### [GIVEN DATA]
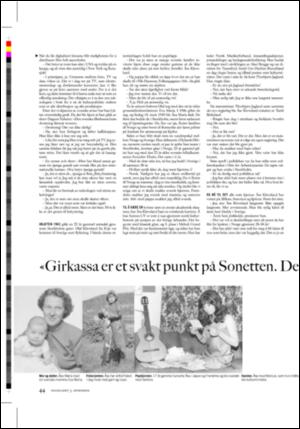 dagbladet_magasinet-20051203_000_00_00_044.pdf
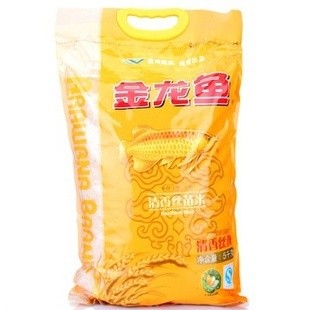 滕州市錦上寵物用品有限公司（滕州市錦上寵物用品有限公司電話）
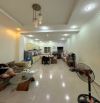 Bán nhà 4 tầng Cao Xuân Dục, P12 Q8 – 4.3x19m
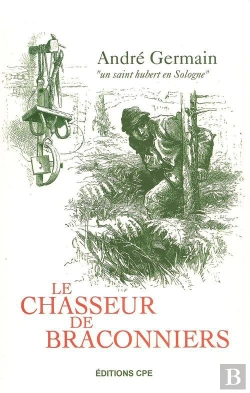 Bertrand.pt - Le Chasseur De Braconniers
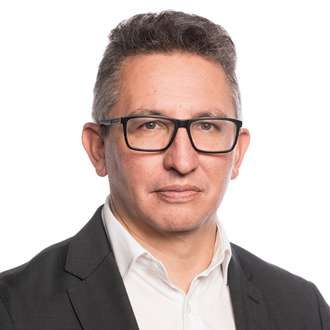 Tibor Nagy - New website crop.png (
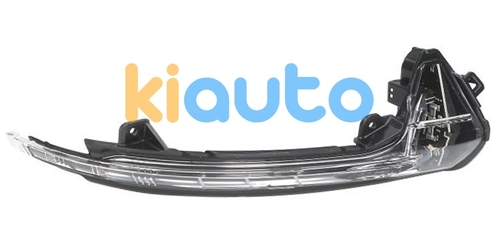 4G5949102A | Acheter feu clignotant rétr... | Kiauto 4G5949102A | Acheter feu clignotant rétr... | Kiauto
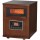 Infrared Quartz Heater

### [WORK ITEM]
From the line containing "Bán nhà 4 tầng" down to the final line of the records above, restate every line word for word, add nothing, and skip the pictures.

### [SOLVED EXERCISE]
 Bán nhà 4 tầng Cao Xuân Dục, P12 Q8 – 4.3x19m
 Bertrand.pt - Le Chasseur De Braconniers
 Tibor Nagy - New website crop.png (
 4G5949102A | Acheter feu clignotant rétr... | Kiauto 4G5949102A | Acheter feu clignotant rétr... | Kiauto
 Infrared Quartz Heater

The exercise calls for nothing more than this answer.